Our client sells goods wholesale from his UK warehouse to EU VAT registered businesses – he has been preparing himself for Brexit, including obtaining an Economic Operator Registration and Identification number (EORI). Now that a deal has been agreed, with a transition period running to the end of December 2020, what does the client need to do differently?
As the UK has agreed to leave the EU with a deal, which includes a transition period until 31 December 2020, nothing will change in terms of VAT immediately. During the transition period, the UK will remain part of the single market and customs union meaning that we will continue to follow the rules regarding Intra-EU movement of goods.
This means that the client can continue to zero-rate their sale of goods, as long as they have their customers EU VAT number, the goods are sent or transported to another EU member state, and they keep valid commercial evidence that the goods have been removed from the UK within the relevant time limits.
The transition period also means that the client must continue to submit EC sales lists monthly or quarterly as appropriate.
As mentioned, our client was advised to obtain an EORI number ahead of the EU exit, in case the UK left the EU with no deal.

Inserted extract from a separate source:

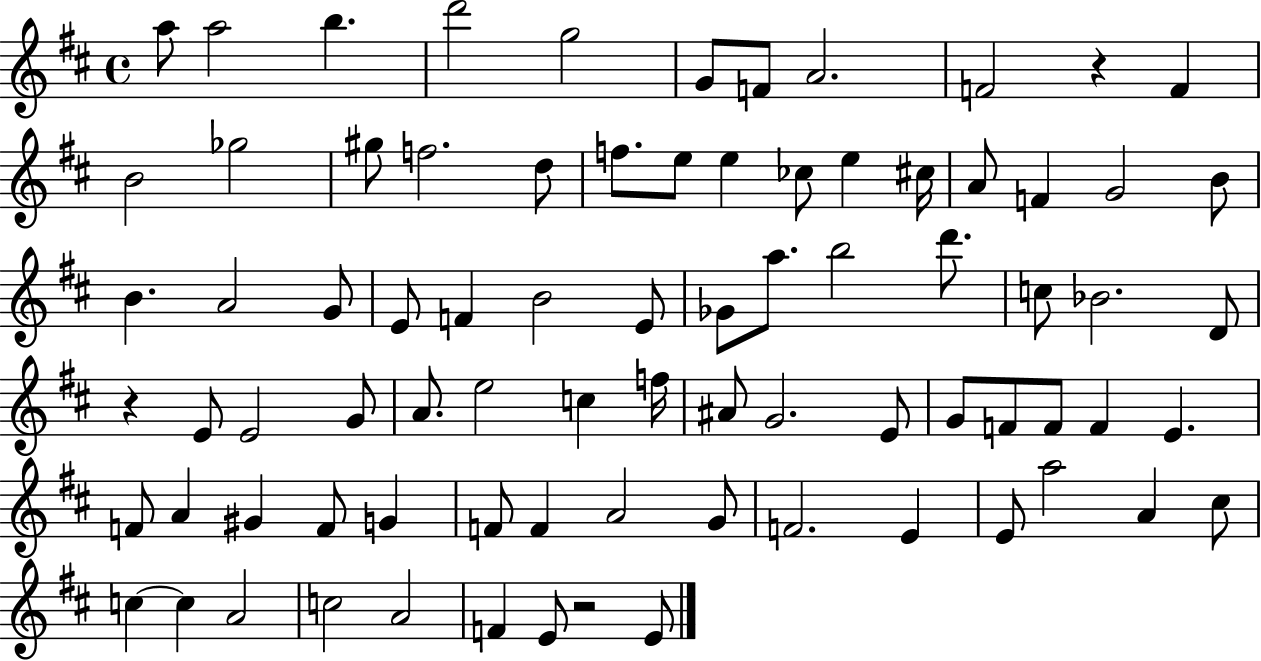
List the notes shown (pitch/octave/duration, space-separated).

A5/e A5/h B5/q. D6/h G5/h G4/e F4/e A4/h. F4/h R/q F4/q B4/h Gb5/h G#5/e F5/h. D5/e F5/e. E5/e E5/q CES5/e E5/q C#5/s A4/e F4/q G4/h B4/e B4/q. A4/h G4/e E4/e F4/q B4/h E4/e Gb4/e A5/e. B5/h D6/e. C5/e Bb4/h. D4/e R/q E4/e E4/h G4/e A4/e. E5/h C5/q F5/s A#4/e G4/h. E4/e G4/e F4/e F4/e F4/q E4/q. F4/e A4/q G#4/q F4/e G4/q F4/e F4/q A4/h G4/e F4/h. E4/q E4/e A5/h A4/q C#5/e C5/q C5/q A4/h C5/h A4/h F4/q E4/e R/h E4/e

They should keep this reference as they are still likely to need this at the end of the transition period – equally if they have registered for Transitional Simplified Procedures (TSP) for imports, they should keep this paperwork ready for the end of the transition period.
During the transition period, businesses will still be able to submit valid EU refund claims via HMRC, and those businesses that are registered for VAT MOSS because they supply B2C supplies of digital services to EU consumers, may continue to submit VAT MOSS returns for the time being in the UK, rather than needing to register in an alternative EU member state.